Ah yes, more evidence that in running code, I18N choices are made by the
_filesystems_.

> > So.. sentence-case?  I refer to that later:
> > 
> > |   The only way to implement I18N behaviors in the VFS layer rather than
> > |   at the filesystem is to abandon form- and case-preserving behaviors.
> > |   For case-insensitivity this would require using sentence-case, or all
> > |   lower-case, perhaps, and all such choices would surely be surprising
> > |   to users.  At any rate, that approach would also render much running
> > |   code "non-compliant" with any Internet filesystem protocol I18N
> > |   specification.
> 
> Why would you need to do sentence case?

I wouldn't.  That text is in a section discussing where to place I18N
behaviors.  I argue that placing them anywhere else than the filesystem
proper causes problems.  In particular, putting case-insensitivity
anywhere other than the filesystem means that in practice one cannot get
case-preserving behavior without caching entire directory listings at
whatever layer is implementing case-insensitivity.

> > 'here' == "this document".  I'll clarify.
> Will "this document" create a registry? (Haven't read far enough, and
> the "either" makes this a statement of intent rather than a
> description of what "this document" does).

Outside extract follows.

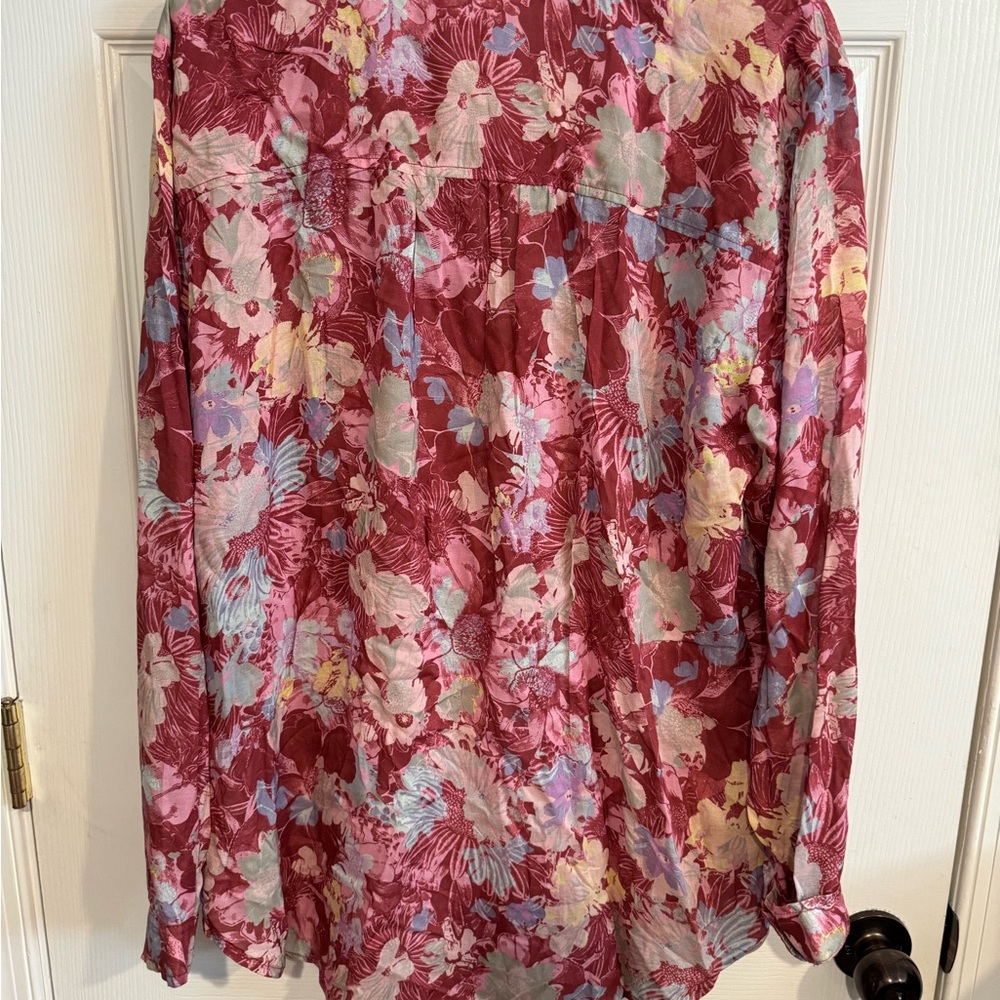 Anthropologie The Romy Relaxed Fit Button Down Shirt by Pilcro. - Picture 5 of 11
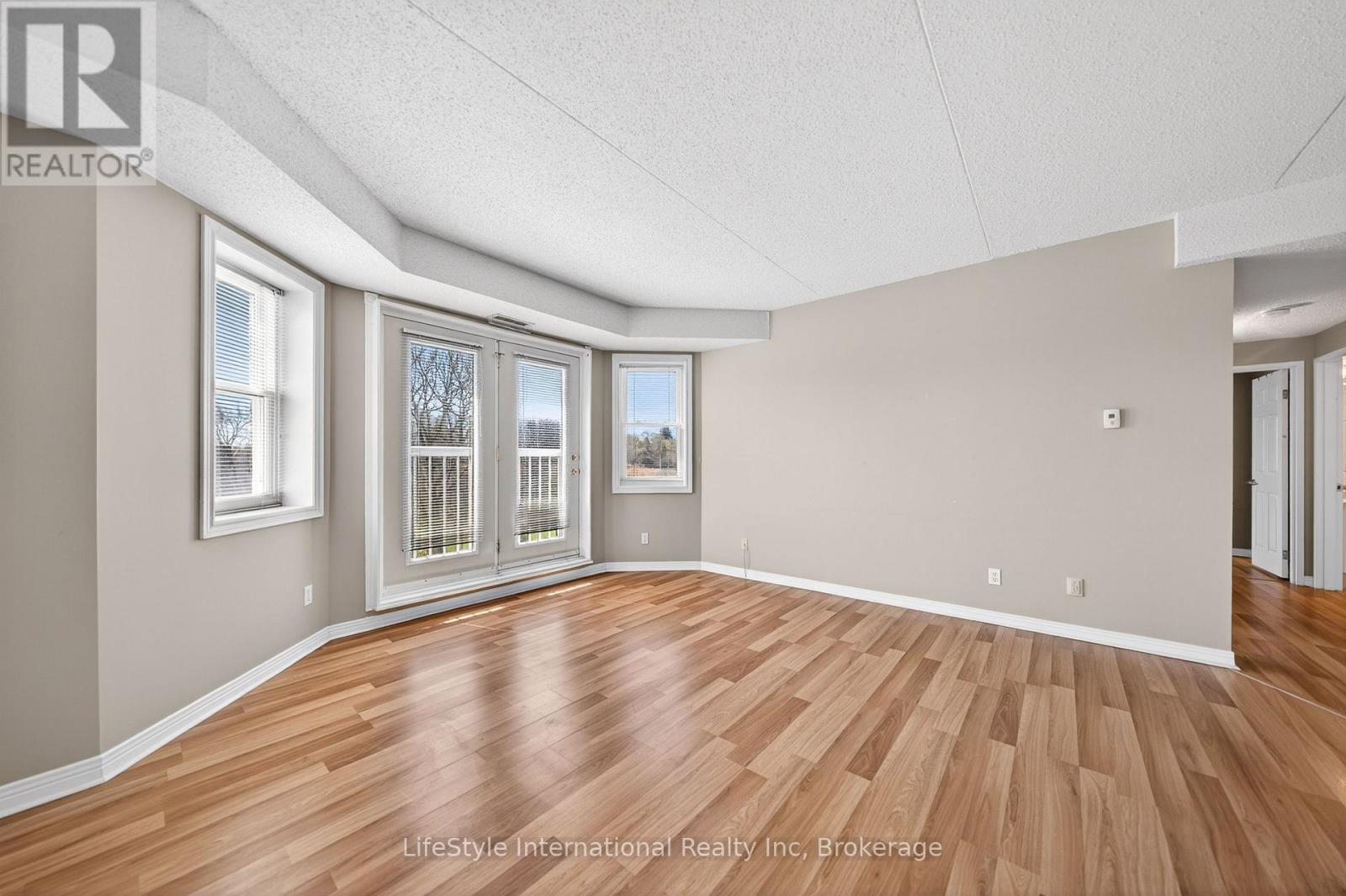 209 - 208 Silvercreek Parkway N, Guelph, Ontario  N1H 8H2 - Photo 3 - X13044846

I would rather NOT create a registry but use CLDR if it can be
appropriate.

I would also settle for no site- or locale-specific case-folding
tailorings.

And I might settle for letting clients fetch the set of tailorings.

There are choices to be made here.

> > > >     "just-use-8" or "just-use-16" (as in UTF-16 [UNICODE  <https://tools..ietf.org/html/draft-williams-filesystem-18n-00#ref-UNICODE>]), with no
> > > >      attempt at normalization or case folding done anywhere in between.
> > > In Unicode parlance: "just use strings of code units".
> > "just-use-8" means strings of 8-bit words that could be... any 8-bit
> > codeset, or UTF-8, or whatever.
> > 
> > "just-use-16" is almost certainly "as in UCS-2" or "as in UTF-16",
> > though for all I know there may be some non-Unicode 16-bit wchar_t
> > codesets in use as "just-use-16".
> 
> Unicode goes to great length to provide clear definitions of code points
> (things that are interpreted as assigned to some character) and code units
> (things that are the building blocks of sequences that are matched by UTF-8
> or UTF-16 to code points.
> 
> Check UTR#17 "Character Encoding Model".

Does Unicode have terminology for "a string of code units from an unkown
codeset and encoding"?

> This model works even for other character encodings, whether ISO 2022 or
> DBCS.

Right, but in the context in question there's no knowledge of the
codesets/encodings in use.  I believe it's important to make that clear.

> Now, if you want to use these less formal terms, that might be fine, but you
> should anchor them by relating them to the more formal definitions. "Just-8"
> treats filenames as strings of code units (uninterpreted bytes that at some
> other point are converted to code points that then can be interpreted as
> characters and subjected to transformations like case-folding and
> normalization).

I might add a glossary for them.  Good idea.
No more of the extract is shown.